Kat makes one last attempt to guide a civilian ship. This time, like the others, the civilian ship goes adrift and becomes hidden by the brilliant light of the cluster. The mid-cluster jump point rapidly becomes unstable and even more lethal, prompting Admiral Adama to order all Raptors to jump to the planet, whether or not they have located their associated civilian ship. Kat vows not to lose another ship and disobeys the order. In her persistent efforts to locate the lost ship, she is exposed to a lethal dose of radiation. She successfully guides the ship to the algae planet. When she returns to Galactica, she is greeted with a round of applause from Adama and much of the Galactica crew, Starbuck included. However, she collapses as soon as she gets out of her Raptor.

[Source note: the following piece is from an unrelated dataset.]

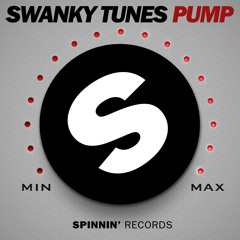 Swanky Tunes - Pump (Original Mix)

Back on the Cylon Basestar, Three and Baltar visit the Basestar's hybrid. Believing every cryptic word the Hybrid utters has meaning, Baltar gets close to her to listen. Against Three's advice, Baltar tries to touch the Hybrid, who immediately grabs Baltar's arm and tells him to find "a hand that lies in the shadow of the light in the eye of the husband of the eye of the cow" before falling back in silence. Baltar and Three try to interpret her oracular words, eventually determining that the eye of the cow is a reference to "cow-eyed" Hera. Hera's husband is the god Jupiter, and the two conclude the "Eye of Jupiter" is a planet in the shadow of a star cluster - another clue to the location of Earth. Baltar speculates the hand could be a reference to the final five Cylons.

Back at the Colonial fleet, orbiting a planet in the shadow of a star cluster, Starbuck visits the dying Kat in sickbay in remorse over her earlier words to her. She gives Kat a bottle of sleeping pills, "just in case she needs them". Admiral Adama also visits Kat and tells her that he is promoting her again to CAG. Kat is hesitant to accept, and tells Adama that there is something about her that he should know. Adama just says that whatever she was going to say wouldn't change what she had already accomplished.

The scene changes to a briefing room. All of the Galactica's pilots are gathered in front of a chart listing the command structure of the flight group. The pilots somberly watch as Admiral Adama swaps Kat's name with Apollo's, so making her the CAG.

Later, Starbuck is shown, trying to hold back tears as she affixes Kat's picture to the wall commemorating the missing and deceased. Apollo watches behind her.

== Production ==
According to Ron Moore's podcast, this episode was heavily re-edited after the initial rough-cut was shot, drastically changing it not merely from the original script, but what was planned when initially shooting. The overall effect is that many details of the plot are very different from what writer Jane Espenson's initial script called for.